Statement by H.E.  Dr. Zalmai Rassoul Minister of Foreign Affairs  at the High Level Side Event on New Deal:

g7+ Perspectives and Experience

67th United General Assembly

 

Opening Remarks

Excellencies,

On behalf of the Government of the Islamic republic of Afghanistan as the co-host, it is my pleasure and privilege to welcome you to the High Level Side Event on The New Deal: g7+ perspectives and experiences. It is a pleasure to see the level of support and the momentum which the New Deal for Engagement in Fragile States is gaining after it was endorsed in November 2011 during the 4th High Level forum on Aid Effectiveness held in Bussan last year. This global recognition is indeed a result of the efforts of the g7+ countries and their partners.

Arena setting

Ladies and gentlemen, Afghanistan has received generous support over the past decade for its development and reconstruction. There have been noteworthy achievements in the areas of security and economic development since 2001, when we started our journey towards a peaceful and prosperous Afghanistan. We started this journey with weak institutions, poor infrastructure and with almost no formal economy. But despite all these hardships and challenges, we are now equipped with trained national security forces; access to basic health care services has improved; national highways and roads have been rebuilt; and telecoms and other hard and soft infrastructure facilities have been established. Of equal importance, our institutional and public sector reforms have advanced. This was indeed possible with the generous financial and technical support of our development partners.

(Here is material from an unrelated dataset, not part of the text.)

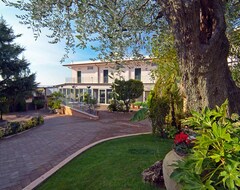 Khách sạn La Chandelle (Massarosa, Ý)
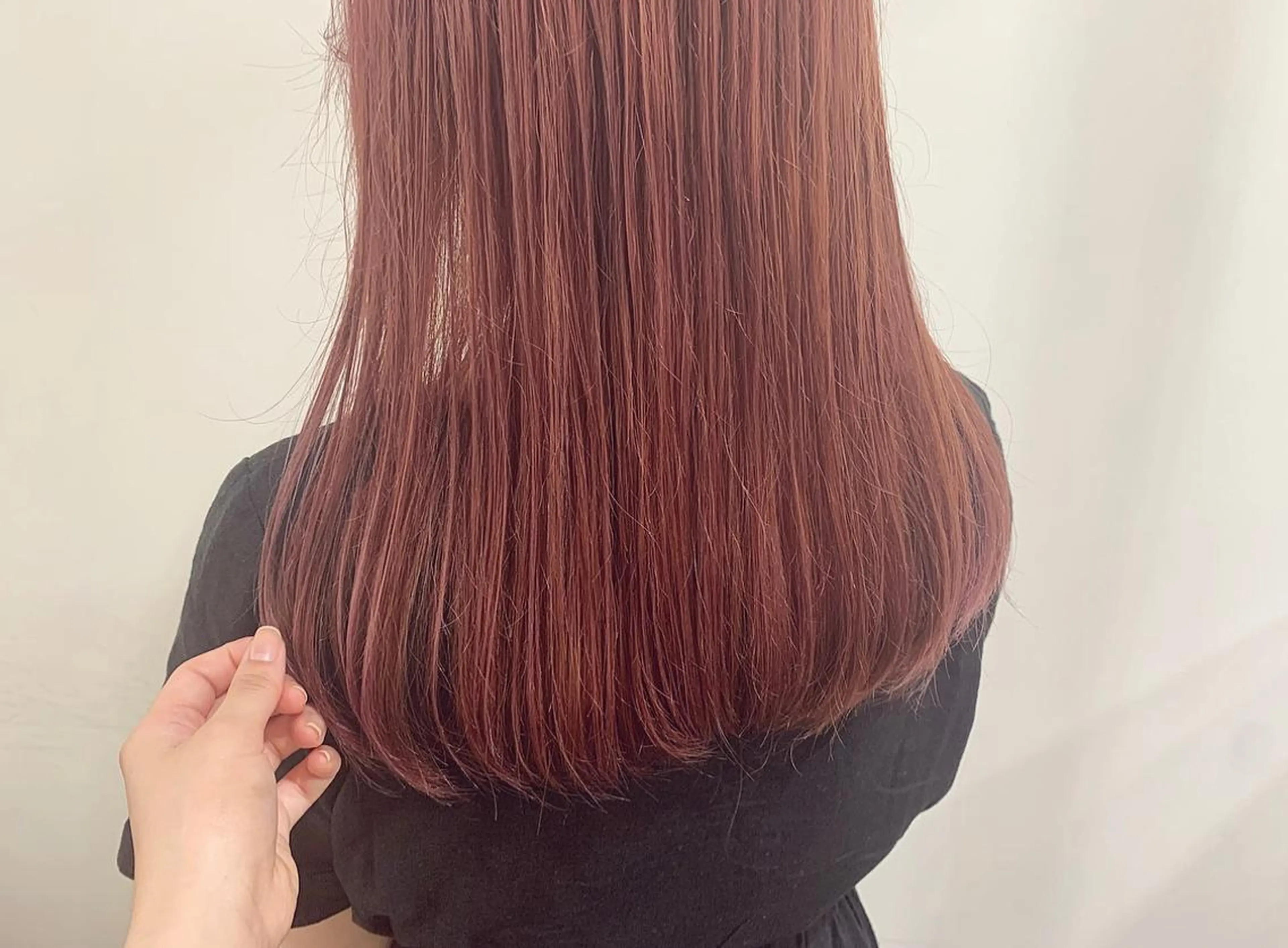 ロング カラー ヘアアレンジ ブリーチ ピンクカラー ヘアカラー トリートメント たかいわ みきのヘアスタイル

Excellencies, ladies and gentlemen, despite the tremendous achievements we have had, Afghanistan is one of the g7+ member countries which is lagging behind the goal of  materialization of MDGs (Millennium Development Goals). Despite sizable development aid invested in governance and capacity building, we continue to depend on external technical assistance. We can only cover some 60% of our operating expenditures through our domestic revenue. Our private sector is yet to realize its potential to become the engine of growth and absorb an emerging workforce. Our security sector needs to be further strengthened to take over the responsibility of protecting our people after 2014. In view of the perceived reduction in development aid during the decade of transformation, we have taken steps to bolster our domestic revenues and provide essential services to our citizens.

 

Longer and sustainable partnership:

Excellencies, sustained international engagement in development of g7+ countries is a necessity. But this engagement shall aim to support nationally owned and nationally led agenda for development. We presented our vision in the “Towards Self Reliance” strategy paper at the International Tokyo Conference on Afghanistan in July 2012. To fulfill this vision, we have developed our partnership agenda “The Aid Management Policy” in consultation with our development partners and reaffirmed our commitment to implementing critical reforms and promote accountability and transparency in the Tokyo Mutual Accountability Framework.  However, the key milestone of success in our partnership will be the extent to which our partners are willing and able to align their development efforts to our shared strategy. Being mindful of our budding institutional capacity, our partnership needs to be based on mutual trust which could involve sharing the burden of managing development aid and sharing the risks of engagement in fragile and conflict affected environments.  This is the only way to reach our common goals.  There is, therefore, a need for bold and mutual decisions by all our partners.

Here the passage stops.